On 14/05/13 16:35, James Harper wrote:
I've had a few disks fail with uncorrectable read errors just recently, and in the past my process is that any disk with any sort of error gets discarded and replaced, especially in a server. I did some reading though (see previous emails about SMART vs actual disk failures) and read that simply writing back over those sectors is often enough to clear the error and allow them to be remapped, possibly extending the life of the disk, depending on the cause of the error.
In actual fact after writing the entire failed disk with /dev/zero the other day, all the SMART attributes are showing a healthy disk - no pending reallocations and no reallocated sectors, yet, so maybe it wrote over the bad sector and determined it was good again without requiring a remap. I'm deliberately using some old hardware to test ceph to see how it behaves in various failure scenarios, and has been pretty good so far despite 3 failed disks over the few weeks I've been testing.
What can cause these unrecoverable read errors? Is losing power mid-write enough to cause this to happen? Or maybe a knock while writing? I grabbed these 1TB disks out of a few old PC's and NAS's I had lying around the place so their history is entirely uncertain. I definitely can't tell if they were already present when I started using ceph on them.
Is Linux MD software smart enough to rewrite a bad sector with good data to clear this type of error (keeping track of error counts to know when to eject the disk from the array)? What about btrfs/zfs? Trickier with something like ceph where ceph runs on top of a filesystem which isn't itself redundant...

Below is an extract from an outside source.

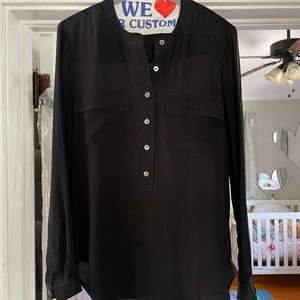 Banana republic silk shirt. Size XS. Good condition.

A while back, when 4096 byte sectors went native, I had a disk with a - I think it said CRC error - on one sector. The interesting thing was when I read the sector with "dd conv=noerror" I got 4096 bytes, 7/8 of which was clearly valid directory info (NTFS) and 512 bytes were garbage. Go figure. Writing this sector back cleared the read error, but there was a bit of damage to the file system with 512 bytes of dud info. Now to add to the strange error messages from drives, I'm getting this one: [ 317.144766] EXT4-fs (sdb1): error count: 1 [ 317.144777] EXT4-fs (sdb1): initial error at 1345261136: ext4_find_entry:1209: inode 2 [ 317.144785] EXT4-fs (sdb1): last error at 1345261136: ext4_find_entry:1209: inode 2 sdb1 is mounted noatime, and this message turns up around the same time from boot. Smart tests and file system checks pass, I guess I'll just have to dump the entire 1TB+ to /dev/null to see if that trips anything usefull.